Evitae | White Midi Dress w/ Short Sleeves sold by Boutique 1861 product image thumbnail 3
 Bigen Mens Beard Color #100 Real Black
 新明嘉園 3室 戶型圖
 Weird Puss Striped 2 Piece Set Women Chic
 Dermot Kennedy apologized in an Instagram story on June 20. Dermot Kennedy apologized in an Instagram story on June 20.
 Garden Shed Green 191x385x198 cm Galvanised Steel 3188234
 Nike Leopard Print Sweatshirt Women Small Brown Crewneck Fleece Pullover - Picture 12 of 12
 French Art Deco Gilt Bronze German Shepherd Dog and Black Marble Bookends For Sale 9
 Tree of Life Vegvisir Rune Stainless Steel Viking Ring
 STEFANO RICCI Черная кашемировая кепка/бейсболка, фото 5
━━━━━━
• [Problem to solve]:
Above are the entries; copy every line among them that contains the word "Women".

• [Written response]:
 Weird Puss Striped 2 Piece Set Women Chic
 Nike Leopard Print Sweatshirt Women Small Brown Crewneck Fleece Pullover - Picture 12 of 12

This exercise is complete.